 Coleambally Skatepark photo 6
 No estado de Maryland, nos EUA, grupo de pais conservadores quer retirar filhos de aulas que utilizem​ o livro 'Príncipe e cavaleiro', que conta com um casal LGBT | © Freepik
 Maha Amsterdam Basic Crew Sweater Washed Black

...

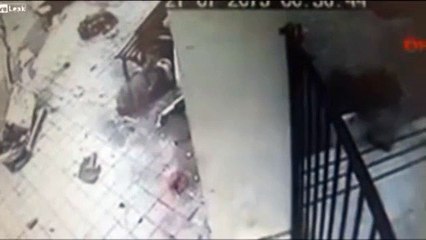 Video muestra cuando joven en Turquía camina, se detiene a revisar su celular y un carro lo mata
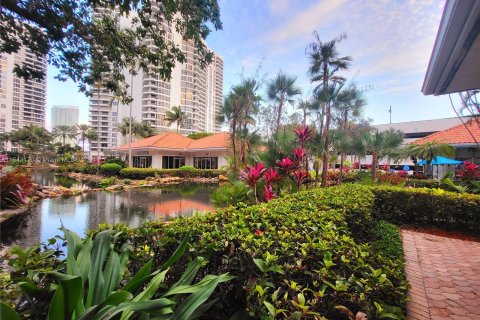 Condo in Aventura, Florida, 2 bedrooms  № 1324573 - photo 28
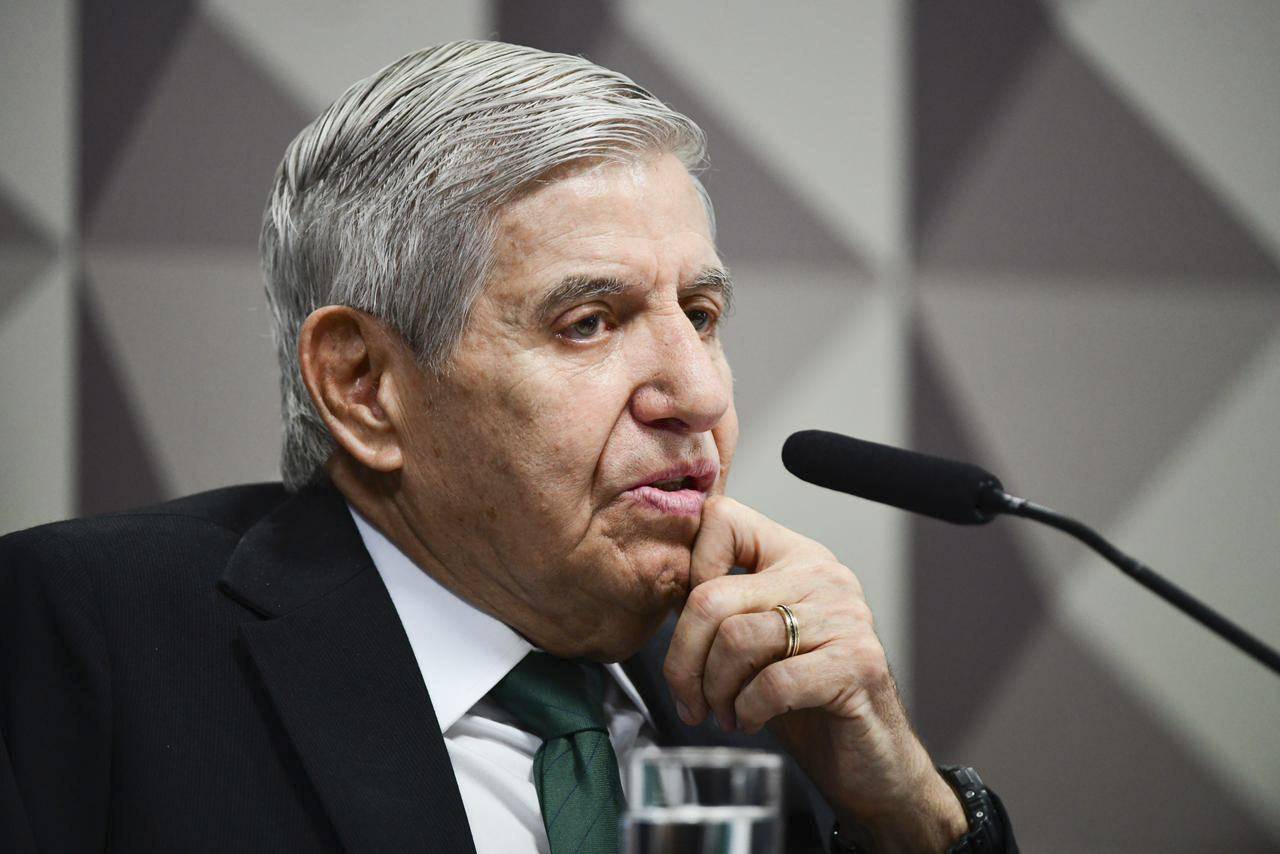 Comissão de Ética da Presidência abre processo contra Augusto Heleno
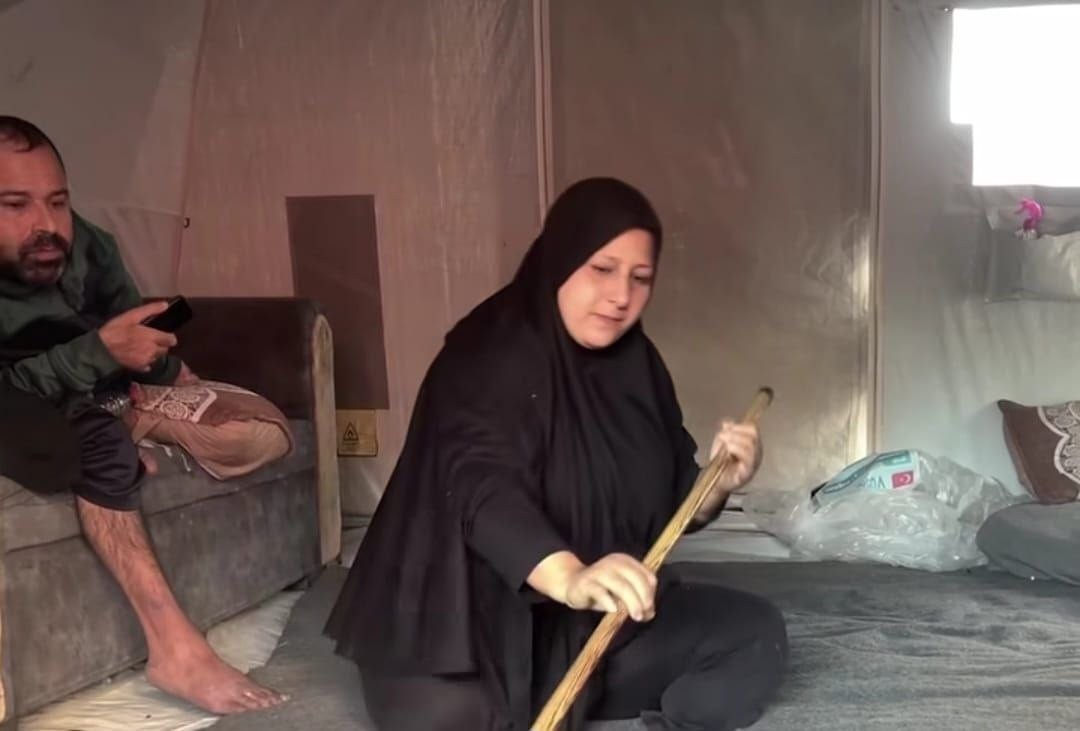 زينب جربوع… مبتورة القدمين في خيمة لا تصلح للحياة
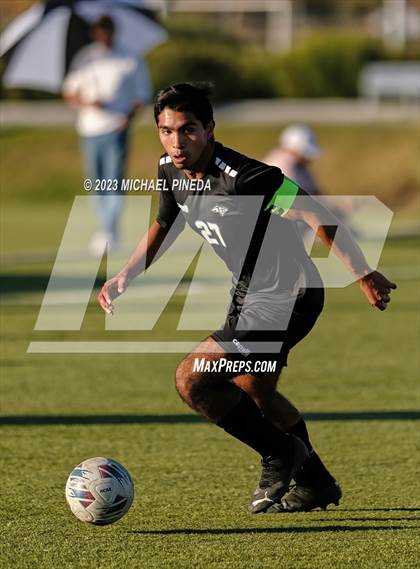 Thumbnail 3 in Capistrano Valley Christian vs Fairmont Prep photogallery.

...

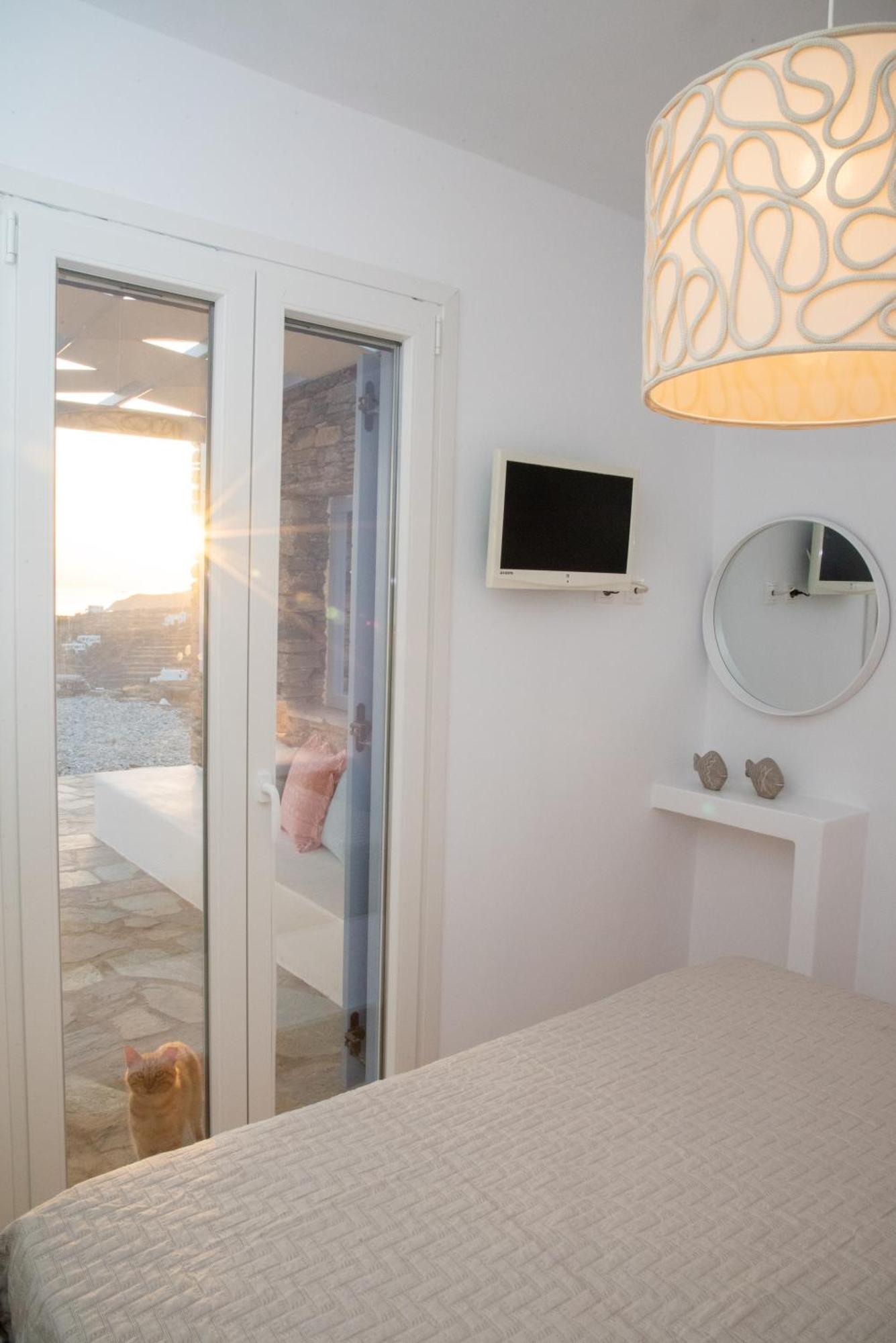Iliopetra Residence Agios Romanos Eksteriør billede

AIM OF THE TASK>
With the pictures omitted, copy exactly the lines of the listing above starting at the line containing "Video muestra cuando" and ending at the line containing "Thumbnail 3 in", both included.

RESULT OF THIS EXERCISE>
 Video muestra cuando joven en Turquía camina, se detiene a revisar su celular y un carro lo mata
 Condo in Aventura, Florida, 2 bedrooms  № 1324573 - photo 28
 Comissão de Ética da Presidência abre processo contra Augusto Heleno
 زينب جربوع… مبتورة القدمين في خيمة لا تصلح للحياة
 Thumbnail 3 in Capistrano Valley Christian vs Fairmont Prep photogallery.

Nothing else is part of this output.